Senin Mit müsteşarın hayali senaryolar üzerinden muhtemelen hiçbir alt yapısı olmadan yapılabilecek bir tezgâhı ballandıra ballandıra anlatıyor. Yapacağı icraat ise kırk yıldır yapmadığımız bir şey yani savaşa girmek. O kadar kolay işte, yolla dört adam, sekiz füze atsınlar, her şehit cenazesinde içimiz parçalansın, kurşun sıkan hainlere lanetler yağdıralım, sen kalk gerekirse kendi birliğine silah çevirmekten bahset. Allah rızası için biz nasıl bir pislik çukuruna düştük. Bizi kimler yönetiyor ya da yönettiğini zannediyor. Devletin her organizasyonu kanalizasyon gibi olmuş, her yaptıkları ihanet perdesinden izleniyor. Sonra kalkıp bunu sızdıran ajandır dersiniz, siz nasıl insanlarsınız?
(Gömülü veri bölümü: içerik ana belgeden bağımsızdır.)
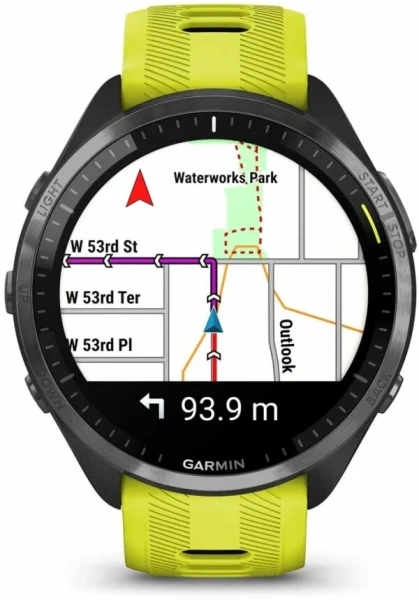 Умные часы Garmin Forerunner 965 47 мм, желто-черный (010-02809-12)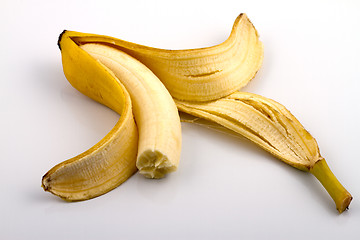 Image showing Peeled Banana with bite marks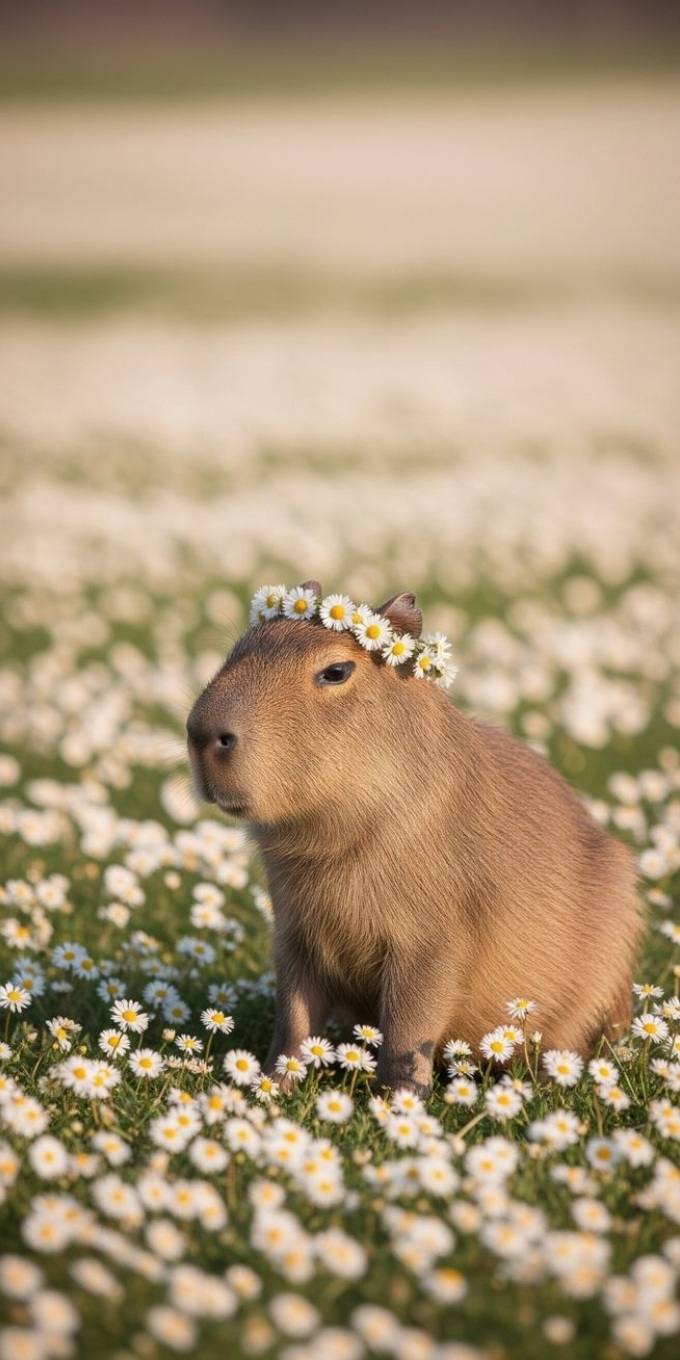 Hình nền Capybara vô tri, dễ thương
Seçimler sonuçlandı. İstikrar sürsün diyenler sayesinde zulümde istikrara devam ediyoruz. Başbakan, güven tazelediği hissi ile hareket etmeye devam ediyor.
Birkaç gündür Hucurat suresini okuyorum. Surede, hurma saplarıyla ve terlikleri ile kavga eden insanlardan bahsederken kavgayı Arapça “mukatele” kelimesi ile anlatıyor. Mukatele Arapça katletme, katil, karşılıklı birbirini öldürme kelimelerinin kökü mahiyetindedir. Hâlihazırda yaşanan kavgaların karşılıklı birbirini öldürmelere kadar gitmemesini diliyorum. Başbakan, tahrik mekanizmasını sonuna kadar işletiyor. Yaptığı çoğu icraatta milli çıkarlardan uzak, bir kinin peşine koşar adımlarla gidiyor. Yakın çevresinde, yaptıklarının doğuracağı zararlar konusunda uyarıda bulunacak akıllı, feraset sahibi bir insanın bulunmaması ülkemiz adına kötü bir handikap.
Her akıllarına estiğinde sınav sistemi değişiyor. Her canları sıkıldığında ders geçme sistemi yeni baştan şekilleniyor. Milli Eğitim Bakanlığı rezalet bir şekilde yürütüldüğünden, gaflet ve dalalet içerisinde olduğundan, dış ülkelerdeki Türk okullarının kapatılması konusunda istatistiki verilerle olaylara yaklaşılmasını zaten beklemiyorum. Yurtiçindeki kolejler konusunda da aynı durumdayız. Devlet okulları ile özel kolejler ve özellikle hizmet hareketi tarafından yürütülen eğitim kurumları arasında gerçekçi bir anket yapıldığında; özel kolejlerde sigara tüketiminin sıfıra yakın olduğu, uyuşturucuya rastlanmadığını görürsünüz. Devlet okullarındaki durumdan bahsetmeye bile gerek yok. Devlet okullarına örnek olabilecek kolejlerden, yurt dışında Türkçe konusunda yaptığı yararlı çalışmalar ve Türkiye’yi tanıtma adına yaptığı çalışmalardan sonra hala başbakanın bu okulları kapatma gayreti ihanetten başka bir şey değildir. Bizi nasıl bir açmaza nasıl bir çıkmaza götürdüğünü bilmediğini zannediyorum. Biliyorsa olay daha da vahim demektir. Yüce Kuran’da Araf suresinde “içimizdeki ahmakların yaptığı hatalardan dolayı sen bizi helak eder misin?” diye boşuna bildirilmiyor. Allah sonumuzu hayır etsin. Amin.